雅紀の手には大きく口を開いたクラッカーが握られている。
「おかえりー」
「おとしゃーん。おかぃりー」
てててと駆け寄って全身でぎゅっと足元に絡みついてきたのを抱き上げる。
「ただいま。てか、朱理くんこんな遅くまで起きてちゃ駄目じゃん」
抱き上げるとすぐに、きゅうううと首に小さな腕が巻き付いた。
肩にこてんと顔を乗せる。
しがみつかれて可愛さと嬉しさに内心悶えまくっているが、心を鬼にして夜更かしを注意する。
そんな注意も全く意に介さずニコニコして、「おとしゃん、おめめとー」なんて言われた日には、その笑顔に俺は完全降伏です!!
悶絶レベルで我が子が可愛すぎる!!!
「どうしてもお父さんにおめでとう言うんだって張り切ってるからさー、どうせ今日は保育園ないし、たまにはいっかなーて。言ったらちゃんと寝るんだよ?て約束もしたしね」
飛び散ったクラッカーの残骸を回収しながら雅紀が言った。
集めた物をゴミ箱に捨てて、俺の前に立つ。
「ほら、おいで朱理」
雅紀が手を伸ばせばいつもなら喜んで飛び込むはずなのに、何故か今回は無反応。
なんなら雅紀の方を見もしない。
「あれ?しゅーりー」
呼びかけても無視。
「しゅーりー?おーい。

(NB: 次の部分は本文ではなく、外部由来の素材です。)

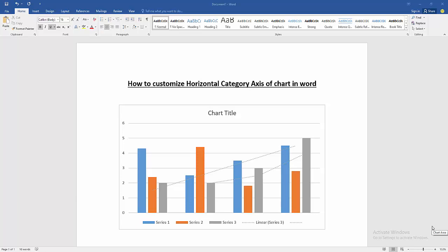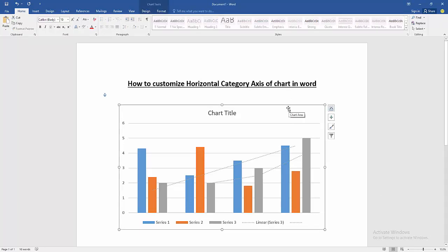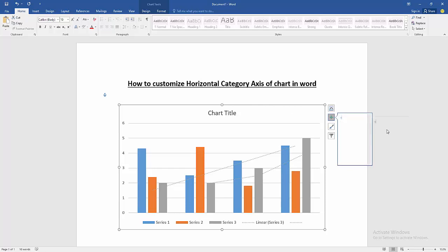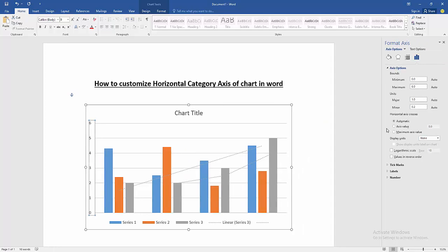Click the chart and go to Chart Elements. Then click Axis and go to More Options.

…朱理?」
「朱理くん?」
もしかして…。
さっきから定期的に首筋に生温かい風が吹きかけられていた。
この角度からでは確認できないから、自分の顔を少し不自然な角度にして肩にある息子の顔を確認してみる。
そこにはすぅすぅと健やかな寝息を立てて寝ている朱理の姿があった。
ぶはっ。やることやったら即寝かよ。
やることなすことツボ過ぎて堪んねぇわ。
「ふふ。さすがにこんな時間まで起きてたらそうなるよねぇ。あ、しょーちゃん着替えなよ」
俺の前に立った雅紀が朱理くんの両脇に手を差し入れたら、肩に乗っていた手が途端にぎゅううう!と力強くしがみついてきた。